[linux-pm] Fundamental flaw in system suspend, exposed by freezer removal

Sat Mar 1 07:30:11 PST 2008

On Sat, 1 Mar 2008, Rafael J. Wysocki wrote:

> On Friday, 29 of February 2008, Alan Stern wrote:
> > On Fri, 29 Feb 2008, Rafael J. Wysocki wrote:
> > 
> > > I'm still not sure if this particular race would happen if only the registering
> > > of children of already suspended partents were blocked.
> > 
> > That's different.  Before you were talking about acquiring
> > dev->power.lock _before_ calling the suspend method.  Now you're
> > talking about blocking child registration _after_ the parent is already
> > suspended.
> 
> Hm, perhaps I don't understand the issue correctly, so please let me restate it.
> 
> We have the design issue that it's possible to register a child of a device
> that was taken for suspend or even suspended which, in turn, leads to a wrong
> ordering of devices on dpm_active.  Namely, suppose that device dev is taken
> from the end of dpm_active and suspend_device(dev, state) is going to be called
> If at the same time a child of dev is being registered and
> suspend_device(dev, state) returns 0, dev will be taken out of dpm_active, but
> the new device (its child) will be added to the end of dpm_active and
> subsequently we'll attempt to suspend it.  That will be wrong.

That's right.

> Also, if a dev's child is registered after suspending all devices, it will go
> to the end of dpm_active, so after the subsequent resume dev will end up
> closer to the end of the list than the new child.  Thus, during the next
> suspend it will be taken for suspending before this child and that will be
> wrong either.  Note that this situation need not look dangerously from the
> driver's perspective, since it doesn't know of the dpm_active ordering issue.
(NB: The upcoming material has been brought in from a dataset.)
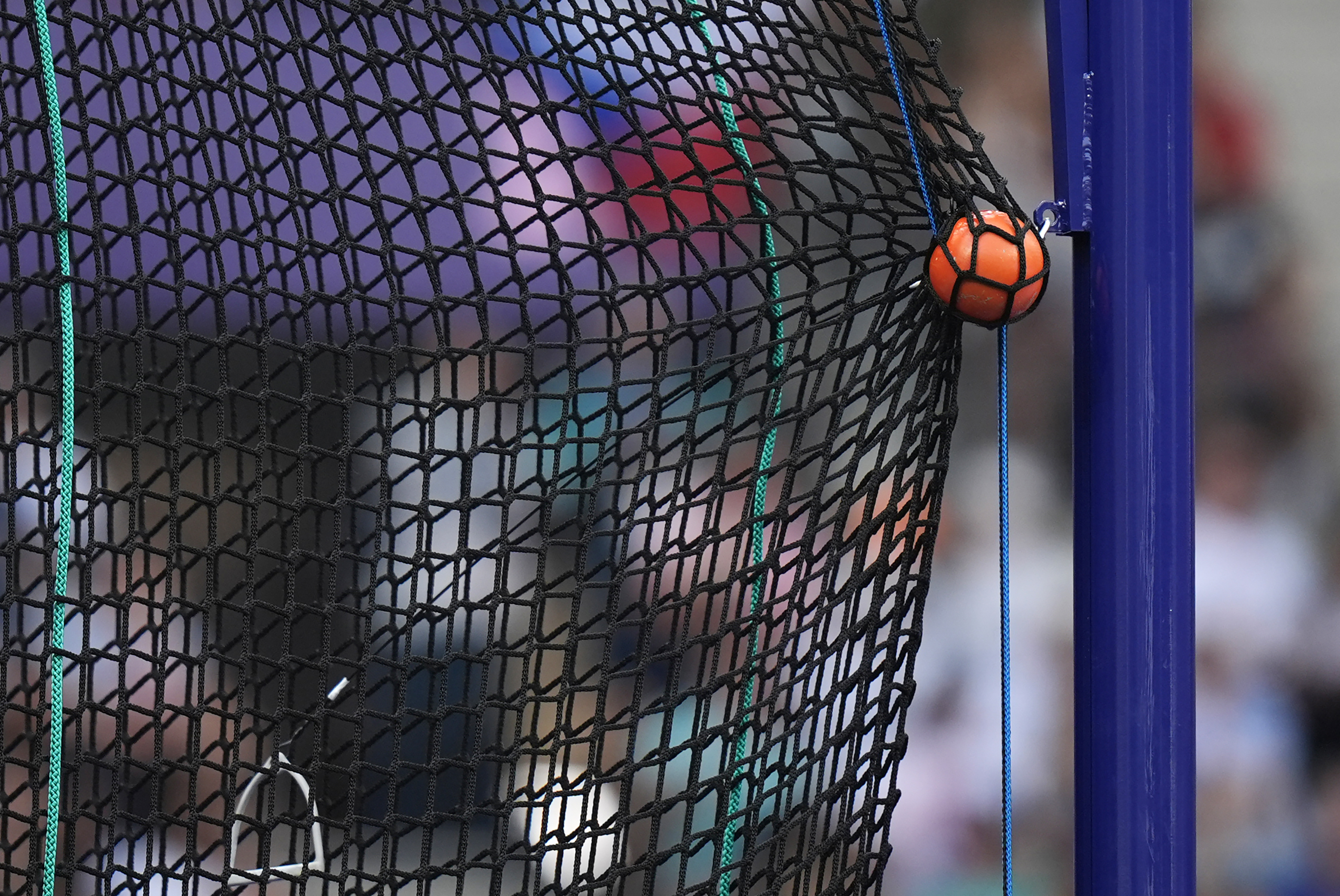 FILE - A hammer is caught by the safety net during the men's hammer throw qualification at the 2024 Summer Olympics, Aug. 2, 2024, in Saint-Denis, France. (AP Photo/Matthias Schrader, File)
Yes, but it's still wrong.  It's also wrong to register a new device 
(even one that has no parent) during the suspend_late stage, because 
this device wouldn't get suspended before the system went to sleep.
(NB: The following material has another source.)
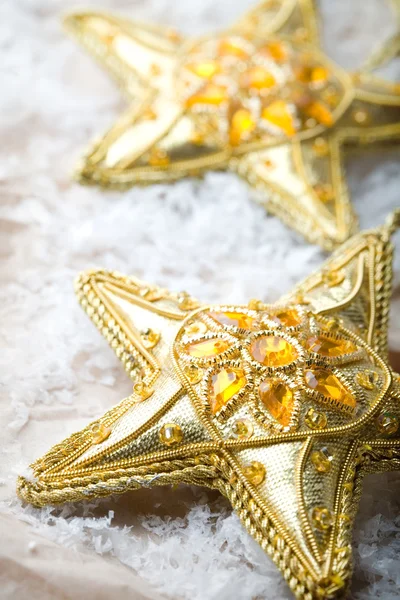Golden star shape Christmas decorations — Stock Photo, Image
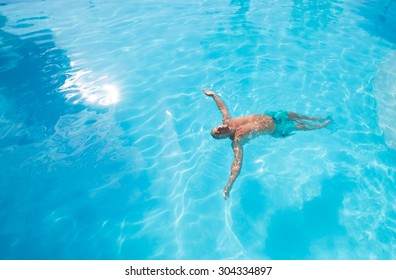 Swimming in a pool top angle - Powered by Shutterstock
> One of the possible solutions is to require suspend_device(dev, state) to
> return an error if it detects a concurrent child registration.   This, however
> is not sufficient, because the registration of a child may go unseen, right
> after suspend_device(dev, state) returns and before dpm_list_mtx is reacquired.

It's worse than you describe, because suspend_device() is unable to
tell whether a concurrent child registration is valid or invalid.  By
"valid", I mean that it took place during the window before the suspend
method was called or before the method was able to prevent new child
registrations.

Valid child registrations must be allowed to proceed.  There's no
reason to fail them, because the driver has done nothing wrong -- and
it wouldn't be safe since drivers don't check for failure.  Likewise,
blocking them is likely to cause the suspend method to deadlock; see 
below.

But since suspend_device() can't tell which concurrent child
registrations are valid, it has no choice but to allow all of them.  
This means our only option for recovering from a concurrent child
registration is to resume the parent (don't move it to dpm_off) and 
continue.  That way the list ordering will remain correct.

Once the parent is fully suspended, suspend_device() has returned, and
the parent has been moved to dpm_off, the situation is different.  
Then we _know_ that child registrations are invalid, so either blocking
or failing them would be okay.

> For this reason, we need an additional mechanism to detect such situations
> and work around them.  [Hence, the question arises whether it's really
> necessary to require suspend_device(dev, state) to detect concurrent
> registrations of children (we need to detect them independently anyway) etc.]
> There also would have to be a mechanism for detecting registrations when
> all devices have been suspended (we discussed that approach previously).
> 
> The other possible solution, and that's the one I'm considering, is to use
> locking to prevent the registration of children of suspended or suspending
> devices from happening.  [This is to protect _our_ data structure, which is
> the dpm_active list, from corruption.]

In view of my comments above, we _must not_ prevent registration of
children of suspending devices.  It's okay to prevent registration of
suspended devices.  There's nothing wrong with using a lock for this
purpose, but the lock should not be acquired until after
suspend_device() has returned and we have verified that no children
were added while suspend_device() was running.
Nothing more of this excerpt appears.